How does that sound ? Would that be a trivial fix? For ease and reducing complexity with the plugin, We can simply ask the client to set the env variable to correct binary executable location (along with chmod +x). Since most will anyways only use this for CIs, this should be quite easy for them to set as well. @reese
I think the ENV variable sounds reasonable to me, especially for a quick fix for your use case. In the long term, I think it could also be useful to provide a default installation script during CI and then expose a config flag to optionally run it. There's an is-ci
npm package that may be useful for that, and since I would assume that most CI uses Ubuntu, we could provide something similar to the build.sh
in the docs and then call it with execSync
from inside the plugin, which would mean that clients wouldn't even have to worry about installation. That's a longer-term solution though, we can always support those two separately.

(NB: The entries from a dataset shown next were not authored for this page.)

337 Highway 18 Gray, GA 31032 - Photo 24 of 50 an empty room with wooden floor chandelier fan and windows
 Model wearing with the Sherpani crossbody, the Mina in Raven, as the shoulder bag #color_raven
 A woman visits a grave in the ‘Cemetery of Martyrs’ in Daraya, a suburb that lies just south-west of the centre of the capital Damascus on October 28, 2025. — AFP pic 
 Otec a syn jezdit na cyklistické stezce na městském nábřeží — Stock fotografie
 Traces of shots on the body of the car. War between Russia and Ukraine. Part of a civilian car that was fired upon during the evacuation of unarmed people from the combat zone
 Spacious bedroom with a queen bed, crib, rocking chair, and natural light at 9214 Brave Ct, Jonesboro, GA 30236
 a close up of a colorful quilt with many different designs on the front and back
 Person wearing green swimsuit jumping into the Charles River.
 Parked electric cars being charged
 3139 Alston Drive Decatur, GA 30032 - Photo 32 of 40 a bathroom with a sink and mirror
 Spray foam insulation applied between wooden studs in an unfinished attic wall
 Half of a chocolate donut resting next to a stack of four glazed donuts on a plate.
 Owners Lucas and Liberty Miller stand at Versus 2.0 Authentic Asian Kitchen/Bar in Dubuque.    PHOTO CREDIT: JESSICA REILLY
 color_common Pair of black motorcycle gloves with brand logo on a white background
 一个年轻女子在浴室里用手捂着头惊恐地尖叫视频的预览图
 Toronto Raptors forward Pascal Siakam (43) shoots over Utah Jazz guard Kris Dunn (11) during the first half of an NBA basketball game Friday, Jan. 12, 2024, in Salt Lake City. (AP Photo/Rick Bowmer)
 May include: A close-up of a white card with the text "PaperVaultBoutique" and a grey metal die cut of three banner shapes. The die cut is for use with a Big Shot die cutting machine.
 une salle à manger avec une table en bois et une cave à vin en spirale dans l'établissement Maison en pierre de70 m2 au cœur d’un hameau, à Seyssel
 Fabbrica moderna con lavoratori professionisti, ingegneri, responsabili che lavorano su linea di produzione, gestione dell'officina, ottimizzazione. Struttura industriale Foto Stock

@ashutoshsaboo I'll work on a more robust solution in the future, but I just published version 0.3.2
which has a GATSBY_STORK_EXECUTABLE_PATH
env variable to override the stork executable location. Hopefully that at least unblocks you for now, but let me know if you run into any issues using that!
Many users will deploy this using Github Actions, Netlify, or similar build providers. Installing Stork during CI builds by default (and allowing users to opt-out if needed) would save many users some headaches.